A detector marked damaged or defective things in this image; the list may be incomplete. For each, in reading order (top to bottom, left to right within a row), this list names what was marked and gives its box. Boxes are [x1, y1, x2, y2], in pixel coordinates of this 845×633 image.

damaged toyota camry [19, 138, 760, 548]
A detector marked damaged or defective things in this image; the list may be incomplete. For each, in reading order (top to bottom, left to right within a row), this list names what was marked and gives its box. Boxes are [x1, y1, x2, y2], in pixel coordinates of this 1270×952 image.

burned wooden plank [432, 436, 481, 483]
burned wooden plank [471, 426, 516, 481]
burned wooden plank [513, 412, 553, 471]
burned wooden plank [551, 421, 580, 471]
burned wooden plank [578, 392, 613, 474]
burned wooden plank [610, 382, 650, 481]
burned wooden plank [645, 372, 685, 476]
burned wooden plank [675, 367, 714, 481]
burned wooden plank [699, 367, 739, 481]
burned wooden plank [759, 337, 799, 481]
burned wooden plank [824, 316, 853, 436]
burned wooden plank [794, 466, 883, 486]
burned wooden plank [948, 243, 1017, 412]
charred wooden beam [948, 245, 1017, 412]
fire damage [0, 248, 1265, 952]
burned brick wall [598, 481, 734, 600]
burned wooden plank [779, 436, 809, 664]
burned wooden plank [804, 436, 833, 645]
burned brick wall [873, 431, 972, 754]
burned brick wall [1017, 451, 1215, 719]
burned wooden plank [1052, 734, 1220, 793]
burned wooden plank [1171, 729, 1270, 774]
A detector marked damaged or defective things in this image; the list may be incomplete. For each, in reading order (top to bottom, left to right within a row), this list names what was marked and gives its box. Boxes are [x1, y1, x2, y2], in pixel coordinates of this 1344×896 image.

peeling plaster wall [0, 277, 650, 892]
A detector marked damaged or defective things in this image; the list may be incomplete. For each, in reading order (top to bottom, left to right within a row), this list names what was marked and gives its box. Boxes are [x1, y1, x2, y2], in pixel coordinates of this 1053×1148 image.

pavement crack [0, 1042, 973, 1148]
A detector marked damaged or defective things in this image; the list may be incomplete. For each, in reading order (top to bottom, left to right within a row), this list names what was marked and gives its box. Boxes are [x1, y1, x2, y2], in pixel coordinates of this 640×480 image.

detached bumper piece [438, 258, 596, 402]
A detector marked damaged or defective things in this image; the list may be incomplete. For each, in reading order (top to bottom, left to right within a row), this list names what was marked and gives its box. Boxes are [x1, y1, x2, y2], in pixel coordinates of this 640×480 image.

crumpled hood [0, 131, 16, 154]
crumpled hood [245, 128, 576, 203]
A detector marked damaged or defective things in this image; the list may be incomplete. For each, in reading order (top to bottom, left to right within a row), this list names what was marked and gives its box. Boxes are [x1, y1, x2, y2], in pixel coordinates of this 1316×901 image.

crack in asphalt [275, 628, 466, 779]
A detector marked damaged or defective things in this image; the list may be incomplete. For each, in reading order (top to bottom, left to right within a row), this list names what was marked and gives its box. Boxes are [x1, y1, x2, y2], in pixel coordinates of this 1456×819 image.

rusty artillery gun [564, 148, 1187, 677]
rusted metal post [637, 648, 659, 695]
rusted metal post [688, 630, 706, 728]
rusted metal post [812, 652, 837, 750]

# Work to complete:
Each line of the data must be set down again as it is.

# Result below:
A detector marked damaged or defective things in this image; the list may be incomplete. For each, in reading order (top to bottom, left to right within a row), this list names what was marked and gives its box. Boxes are [x1, y1, x2, y2], in pixel coordinates of this 845×633 image.

damaged toyota camry [19, 138, 760, 548]
A detector marked damaged or defective things in this image; the list may be incomplete. For each, in reading order (top to bottom, left to right within a row), this list names what was marked and gives its box. Boxes are [x1, y1, x2, y2], in pixel coordinates of this 1270×952 image.

burned wooden plank [432, 436, 481, 483]
burned wooden plank [471, 426, 516, 481]
burned wooden plank [513, 412, 553, 471]
burned wooden plank [551, 421, 580, 471]
burned wooden plank [578, 392, 613, 474]
burned wooden plank [610, 382, 650, 481]
burned wooden plank [645, 372, 685, 476]
burned wooden plank [675, 367, 714, 481]
burned wooden plank [699, 367, 739, 481]
burned wooden plank [759, 337, 799, 481]
burned wooden plank [824, 316, 853, 436]
burned wooden plank [794, 466, 883, 486]
burned wooden plank [948, 243, 1017, 412]
charred wooden beam [948, 245, 1017, 412]
fire damage [0, 248, 1265, 952]
burned brick wall [598, 481, 734, 600]
burned wooden plank [779, 436, 809, 664]
burned wooden plank [804, 436, 833, 645]
burned brick wall [873, 431, 972, 754]
burned brick wall [1017, 451, 1215, 719]
burned wooden plank [1052, 734, 1220, 793]
burned wooden plank [1171, 729, 1270, 774]
A detector marked damaged or defective things in this image; the list may be incomplete. For each, in reading order (top to bottom, left to right within a row), this list names what was marked and gives its box. Boxes are [x1, y1, x2, y2], in pixel coordinates of this 1344×896 image.

peeling plaster wall [0, 277, 650, 892]
A detector marked damaged or defective things in this image; the list may be incomplete. For each, in reading order (top to bottom, left to right within a row), this list names what was marked and gives its box. Boxes are [x1, y1, x2, y2], in pixel coordinates of this 1053×1148 image.

pavement crack [0, 1042, 973, 1148]
A detector marked damaged or defective things in this image; the list may be incomplete. For each, in reading order (top to bottom, left to right within a row), this list names what was marked and gives its box. Boxes are [x1, y1, x2, y2], in pixel coordinates of this 640×480 image.

detached bumper piece [438, 258, 596, 402]
A detector marked damaged or defective things in this image; the list may be incomplete. For each, in reading order (top to bottom, left to right within a row), this list names what was marked and gives its box. Boxes are [x1, y1, x2, y2], in pixel coordinates of this 640×480 image.

crumpled hood [0, 131, 16, 154]
crumpled hood [245, 128, 576, 203]
A detector marked damaged or defective things in this image; the list may be incomplete. For each, in reading order (top to bottom, left to right within a row), this list names what was marked and gives its box. Boxes are [x1, y1, x2, y2], in pixel coordinates of this 1316×901 image.

crack in asphalt [275, 628, 466, 779]
A detector marked damaged or defective things in this image; the list may be incomplete. For each, in reading order (top to bottom, left to right within a row), this list names what was marked and gives its box. Boxes are [x1, y1, x2, y2], in pixel coordinates of this 1456×819 image.

rusty artillery gun [564, 148, 1187, 677]
rusted metal post [637, 648, 659, 695]
rusted metal post [688, 630, 706, 728]
rusted metal post [812, 652, 837, 750]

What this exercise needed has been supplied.